On the individual level, the sheer speed at which issues can be made out of nothing online is astounding. All it takes is a well-written bait in the form of a headline or a blurb. And suddenly, the retweets and the shares begin.  What does the spiralling indicate? Does it mean that people actually believe in the content or is there something else?

A recently conducted study states that 59 percent of all links shared on social media aren’t actually clicked at all. This suggests that the share is not based on an actual consumption of or belief in what the post was about.

Why this happens is most interesting. According to the study, there are two key factors at play. The first is low attention span: people read a headline or a blurb and base their decision on that only, without diving into details. The second is sheer effort: it’s just easier to share than to read.

I’d like to add a sub-reason to the first one: a viewer is more likely to share something on social media if it strongly agrees with some preconceived notions they have. In psychology, this is known as a confirmation bias, which is described as the tendency to search for, interpret, favour and recall information in a way that confirms one’s pre-existing beliefs of hypotheses.

So, if a post is, for example, about a politician’s latest corruption scandal and the viewer already believes that most politicians are indeed corrupt, there’s a strong likelihood that he or she will share it online.

There are other biases at play as well. One is motivated reasoning: that we are ‘motivated’ to believe whatever confirms our opinion. The other is naive realism, whereby we believe that our perception of reality is the only accurate view.

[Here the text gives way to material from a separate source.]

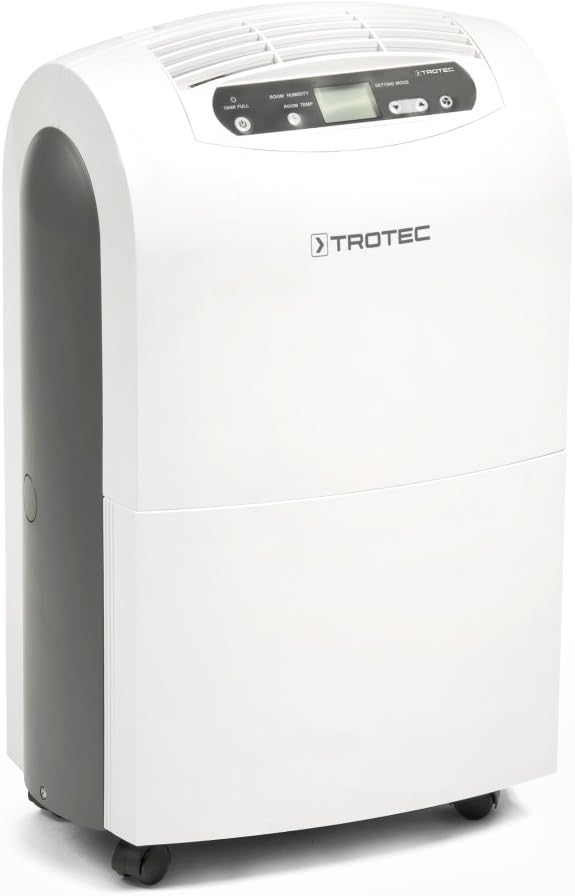 TROTEC Elektrischer Luftentfeuchter TTK 100 E – Entfeuchtungsleistung 30 L/24h, für Räume bis 90 m² / 230 m³ – Raumentfeuchter mit Heißgas-Abtauung – Dauerbetrieb oder 4,3L Wassertank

It’s like when you see an accident between a car and a motorcycle. The immediate feeling is that it was probably the car driver’s fault. But you didn’t see the accident happen. So why is there a rush to blame? All these cognitive biases are working in tandem to make you think that way.

The rise of social media, fake news and an audience ready to lap up a David vs Goliath story have created a dangerous scenario that people are using to further their own agenda or damage reputations.

Without going into details, a recent case emerged in Lahore where a person made serious and unsubstantiated allegations against another person. What happened next was staggering. The video was posted on a popular Facebook page, with over 400,000 followers. People started tagging others and it started to spiral out of control. At the same time, internet trolls took out personal pictures of the person in question, including those of his wife and children, and started making derogatory remarks.

It has just emerged that the owner of that particular Facebook page had a long-standing issue with the employer of the accused person and has, in all probability, used the accuser as a pawn in his own game. This is an old play that turns Machiavelli on his head. It is routinely seen on social media, especially when religious groups use people to attack minorities. 

The person in question is now taking legal action against both the accuser and the Facebook page that was used against him. But the damage is done. The thousands of people who have shared the article or commented on it have already found the person guilty of the crime that he has been accused of. The social media trial has been completed without giving him the chance to defend himself. And the only reason it has happened in the way it has is because the picture was framed in a specific way to ensure that our cognitive biases got the better of us.

With social media operating like a black hole, is there any light at the end?  How do we overcome these biases? Do fact-based counter arguments work? In the above case it did. But it was one in a thousand. A majority of the people took the conversation to such a debased level by hurling abuses at the person and his family that it seemed as though the best way forward was to hunker down and rely on the speed with which issues are forgotten on social media.

Unfortunately, as things stand today, this is the best strategy until people begin to realise that they themselves are being used as pawns on someone else’s chessboard.

 

The writer is a freelance journalist.